D’abord, le type d’école fréquenté n’est pas le seul responsable. Le rôle des parents est aussi important. Le facteur le plus important est leur scolarisation, et le second est leur revenu. L’effet des deux se multiplie. Il y a donc une responsabilité parentale immense de valoriser l’éducation. Mais il y a aussi la capacité financière à faire des gestes pour aider l’éducation de leur enfant, comme avoir les moyens de déménager proche d’une bonne école et de payer pour une éducation privée.

On pourrait souhaiter que le système d’éducation compense cette inégalité. Mais à en juger par les deux études citées plus haut, il semble que l’école peine à le faire.

Reste qu’en prenant un peu de recul, on se console.

Le Québec fait nettement mieux qu’auparavant. Le taux d’obtention du diplôme a bondi depuis les années 60. Et le progrès se constate encore. En 2016, pas moins de la moitié des étudiants du réseau de l’UQ (Université du Québec) venait d’une famille dont les parents n’avaient pas étudié à l’université. Ils étaient les premiers de leur lignée à franchir cette étape, et on peut présumer qu’ils transmettront à leur enfant l’importance de l’éducation. C’est majeur.

Le Québec ne fait pas trop mal quand on le compare aux autres nations. Son système est moins ségrégué que ceux de pays comme l’Allemagne ou l’Autriche. Mais il l’est plus que les pays scandinaves. Le Canada est plus égalitaire que la moyenne de l’OCDE*. Le Québec est plus inégalitaire que les autres provinces au niveau primaire et secondaire.
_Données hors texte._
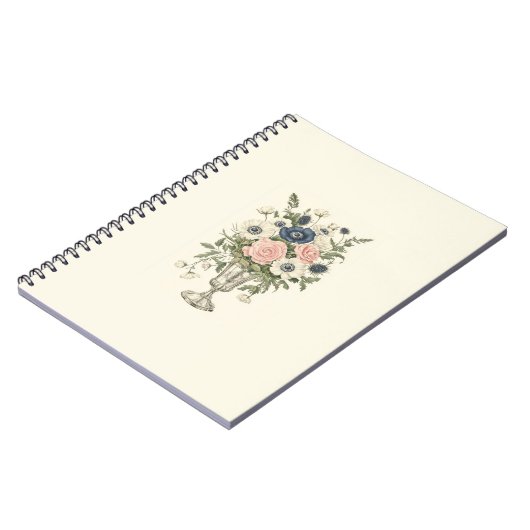  ivoor roze blauw mauve groene bloemen notitieboek (Linkerzijde)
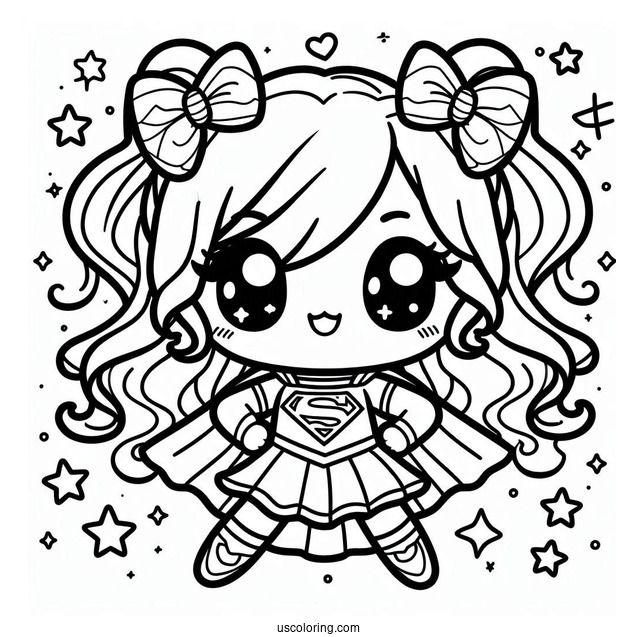 Kawaii Supergirl Coloring Page For Preschoolers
Mais c’est le contraire au début et à la fin du parcours éducatif, grâce au réseau de garderies ainsi qu’aux universités, qui offrent des droits de scolarité relativement faibles et des prêts et bourses.
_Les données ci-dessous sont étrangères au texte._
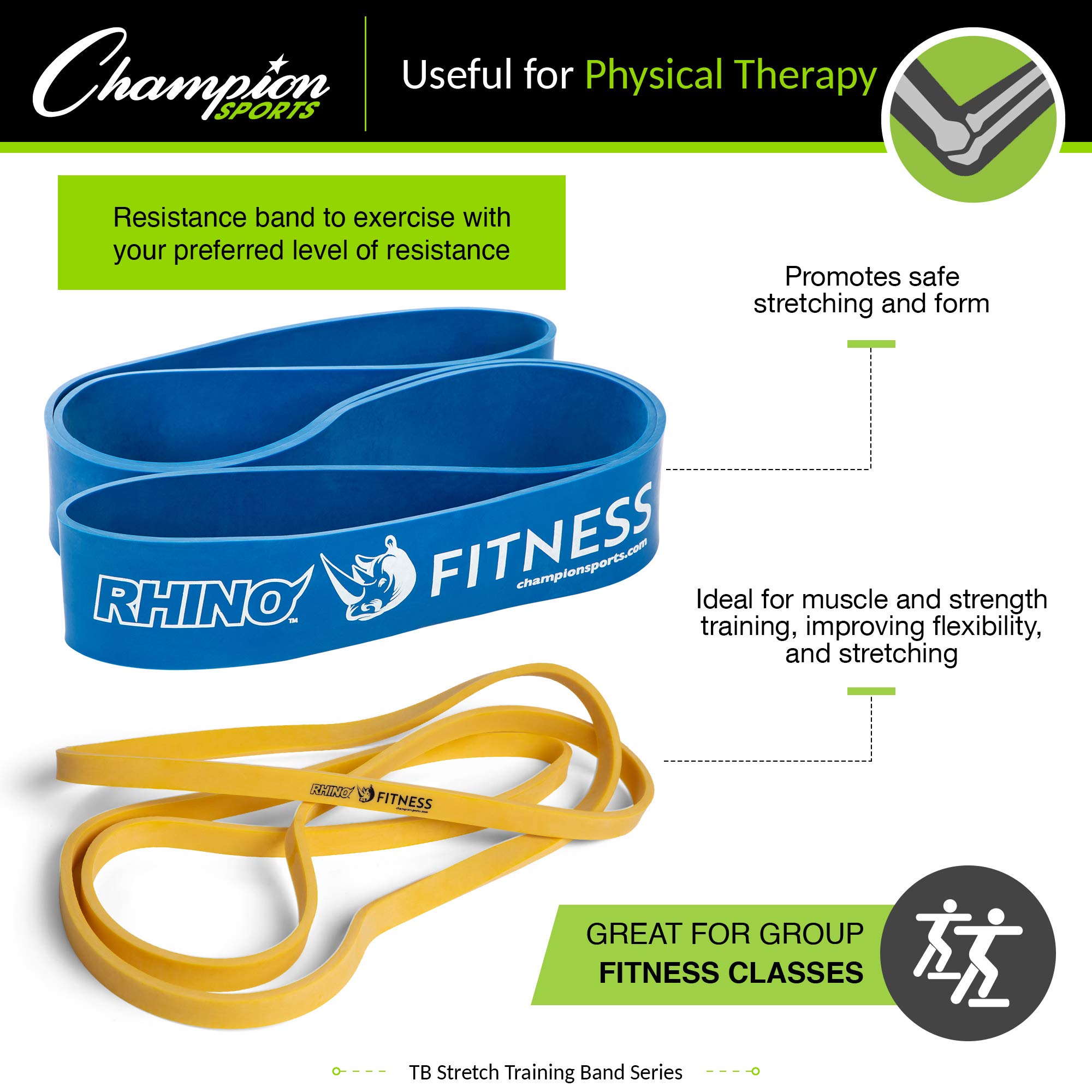 Champion Sports Resistance Bands Set - 5 Levels from Extra Light to Super Heavy for Men & Women | Durable Fitness Bands for Strength Training, Stretching, Physical Therapy & Home Workouts | Perfect for Gym, Yoga, Pilates & Rehabilitation Exercises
Reste qu’on n’est pas obligé de s’en satisfaire. Le progrès semble avoir au mieux stagné. À certains égards, la ségrégation dénoncée en 1996 s’est même aggravée. Par exemple, la classe « ordinaire » au public accueille plus que jamais des élèves en difficulté. De 2003 à 2013, le pourcentage de ces élèves en difficulté d’apprentissage ou en situation de handicap a bondi, de 13,6 % à 20,8 %. Et en parallèle, les élèves avec des bons résultats affluent vers le privé.
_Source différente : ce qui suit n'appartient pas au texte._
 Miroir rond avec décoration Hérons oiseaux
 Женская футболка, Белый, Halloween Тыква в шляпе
Or, les recherches internationales tendent à démontrer que les élèves plus faibles souffrent de ne pas apprendre avec des élèves plus forts, tandis que le contraire ne serait pas vrai.

La mixité dans les classes ne mènerait donc pas nécessairement à un nivellement par le bas, à moins que les élèves en difficulté ne soient majoritaires dans la classe, ce qui force les enseignants à baisser les exigences.

Ce qu’on sait, c’est que le Québec s’est engagé dans un cercle vicieux. Plus l’école publique ordinaire est critiquée, plus les parents qui valorisent l’éducation s’en détournent, et plus les enfants en difficulté restent entre eux, au risque de former des ghettos éducatifs.

Si l’école ne crée pas les inégalités, à tout le moins, on peut constater qu’elle les entretient et les reproduit.

Un quart de siècle après les derniers États généraux sur l’éducation, le Québec est mûr pour une grande réflexion nationale.

Nous avons déjà souligné le risque que le ministre de l’Éducation, Jean-François Roberge, se perde en ouvrant trop de chantiers. Revaloriser la profession d’enseignant devrait être son principal objectif pour le mandat actuel. Mais il faudrait que la réflexion lancée par les chercheurs soit débattue lors de la prochaine campagne électorale. L’enjeu : comment protéger l’égalité des chances de tous sans mener à un nivellement par le bas ?

À cause de la complexité des enjeux, il est justifié de prendre le temps de bien faire les choses.